Great presentation by @MillieQED about how he used web archives alongside other sources for his research on the MMR crisis #WAWeek2017

— Sally Chambers (@schambers3) June 14, 2017

tweets from other sessions

Capturing the Web at Large
A Critique of Current Web Referencing Practices #WAWeek2017 - this is for #wikicite too

— Raffaele Messuti (@atomotic) June 14, 2017

Session 3A

Chris Wemyss: Tracing the virtual community of Hong Kong Britons through the archived web

Focus on Brits in Hong Kong either side of 1997 handover .. sharp decrease in British population after 1997 .. 2001: 18-21k .. but significant community as they bridged colonial and decolonial world, more than just an expat class of business people et al .. aspects of virtual community to their presence that borders on diaspora .. use of three example websites to understand phenomena: using Wayback Machine to look at changes over time .. {combination of analysing web archives with oral histories with those who created and used websites} .. sites that tried to build something rather than just be a platform for ephemeral conversation .. if a website doesn't change in 16 years what do we make of it?

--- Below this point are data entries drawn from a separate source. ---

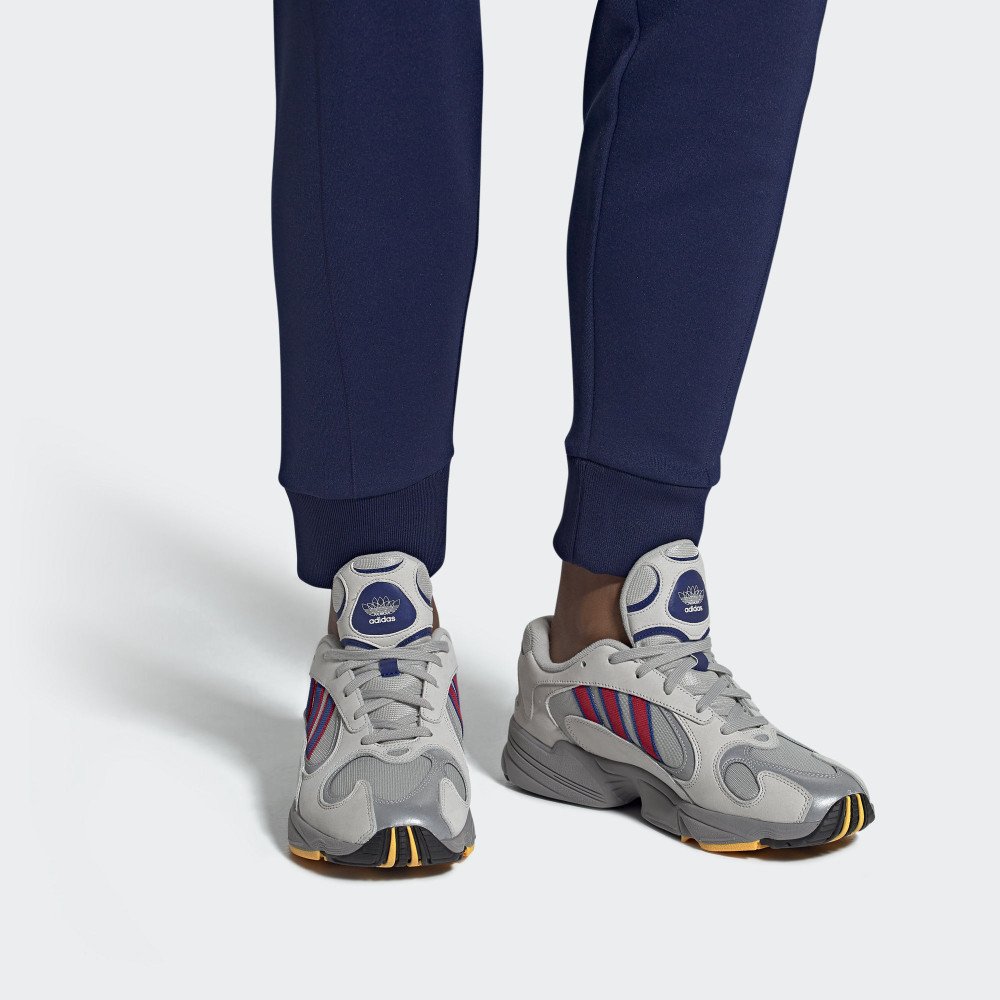 Кросівки Adidas Yung-1 42 2/3, фото №5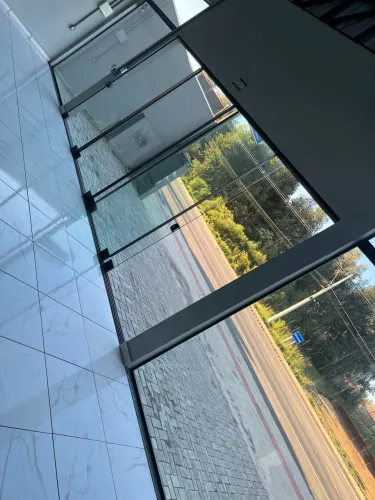 Sala comercial com casa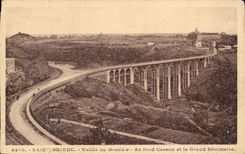 CPA Saint Brieuc Vallee du Gouedie Au fond Cesson et le Grand Seminaive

David Geiringer & James Baker: The home computer and networked technology: encounters in the Mass Observation Project archive, 1991-2004

Q&A: similar/same phenomena with typewriters? what do people say about archiving their lives in digital age? (anything on this beyond paper by Microsoft Research?) {more on studies and rooms in relation to class}

Thursday 15 June


John Sheridan, Web archiving the government

Archiving government on the web .. TNA as the archive of government ..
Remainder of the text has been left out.